LISTED ENTRIES below:

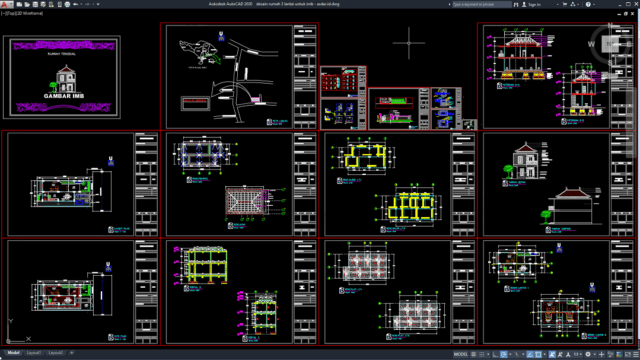 desain rumah 2 lantai untuk imb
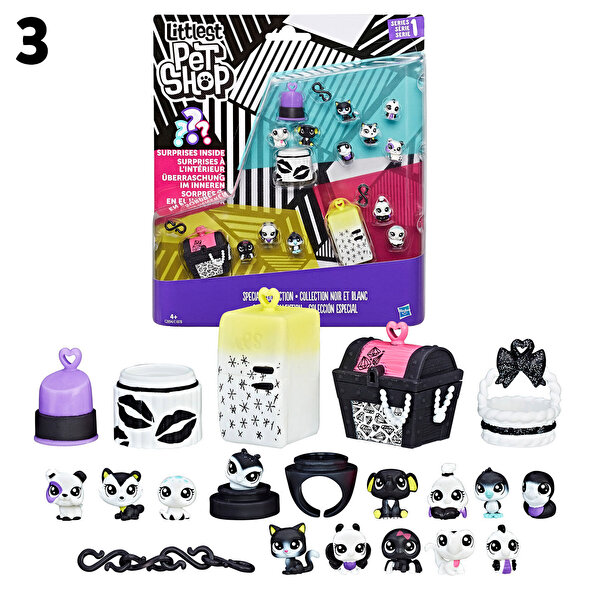 Littlest Pet Shop Miniş Siyah Beyaz Koleksiyonu Özel Set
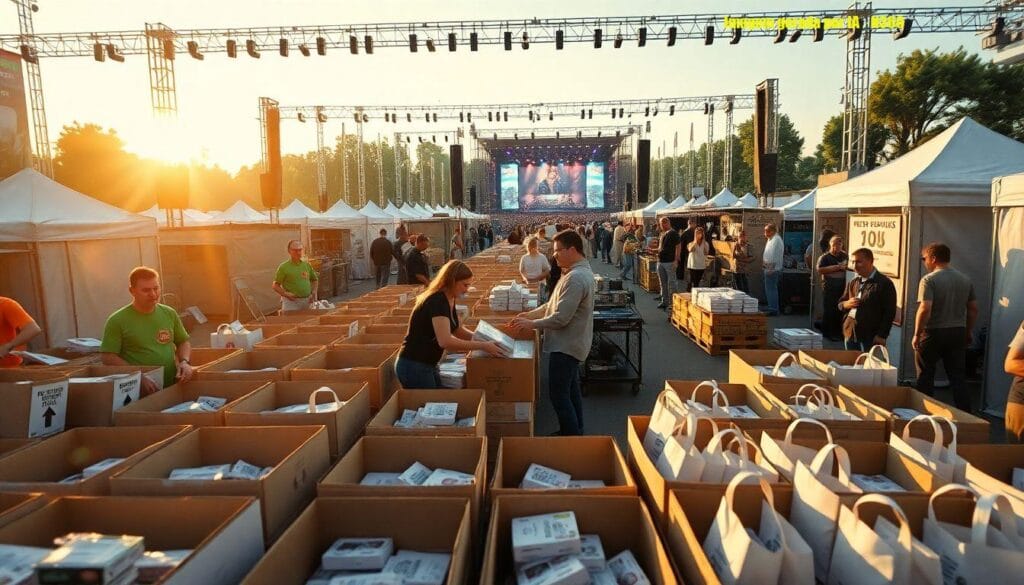 Ativações e brindes no Rock in Rio 2024
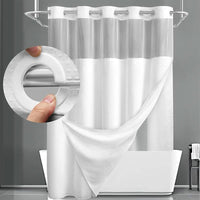 SPAELLE – Waffle Shower Curtain for Serene Bath Styling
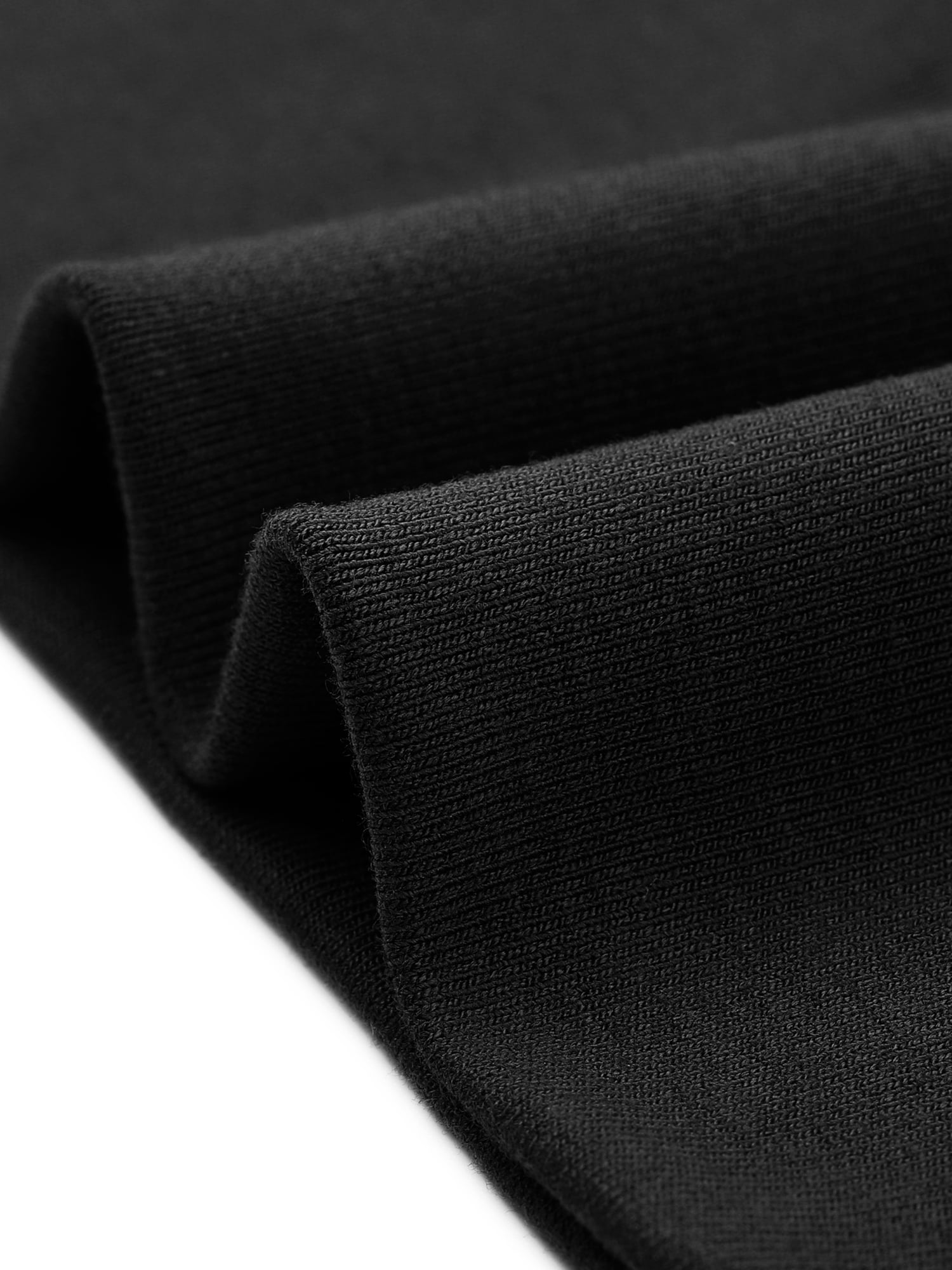 DARING DIVA Women's Casual Long Sleeve Knit Drop Shoulder Loose Blouses M Black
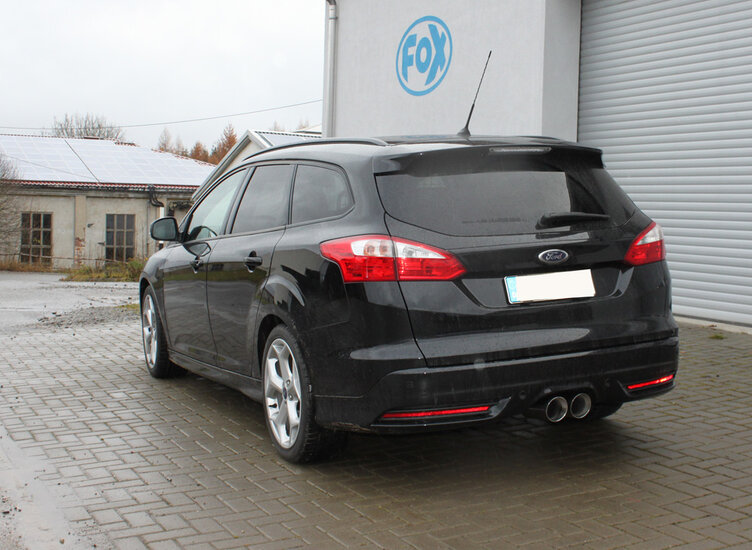 Fox Sportuitlaat Ford Focus MK3 ST Turnier achterdemper, dwars, middenuitlaat - 2x100 Type 25 midden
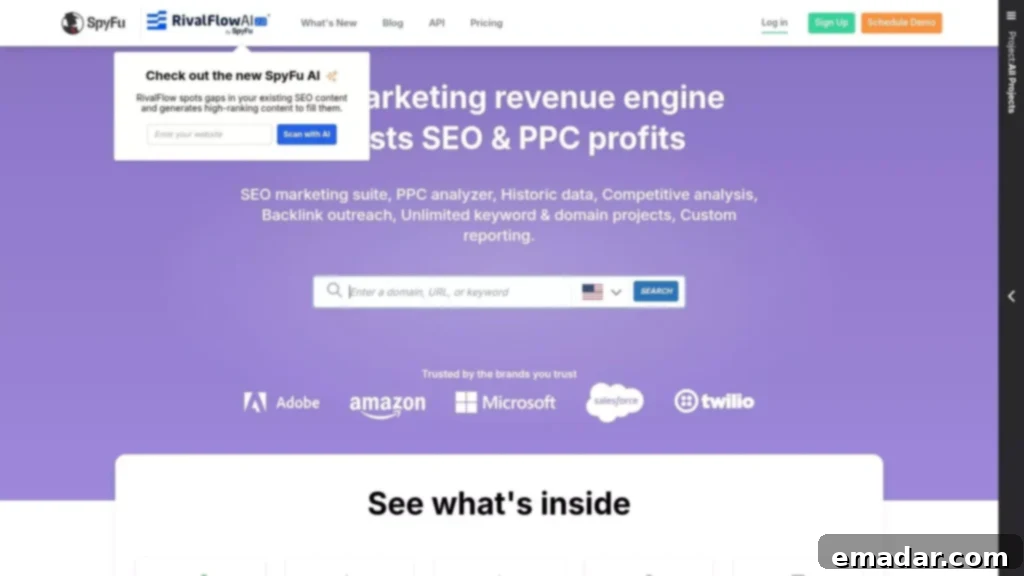 Top 12 Competitor Backlink Analysis Tools in 2025 SpyFu Backlink Kombat Interface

End of LISTED ENTRIES.

WHAT IS BEING ASKED: Starting with the line that holds "Ativações e brindes no Rock in Rio 2024", return each line exactly through the final line of the entries above; pictures are not part of the output.

SOLUTION:
 Ativações e brindes no Rock in Rio 2024
 SPAELLE – Waffle Shower Curtain for Serene Bath Styling
 DARING DIVA Women's Casual Long Sleeve Knit Drop Shoulder Loose Blouses M Black
 Fox Sportuitlaat Ford Focus MK3 ST Turnier achterdemper, dwars, middenuitlaat - 2x100 Type 25 midden
 Top 12 Competitor Backlink Analysis Tools in 2025 SpyFu Backlink Kombat Interface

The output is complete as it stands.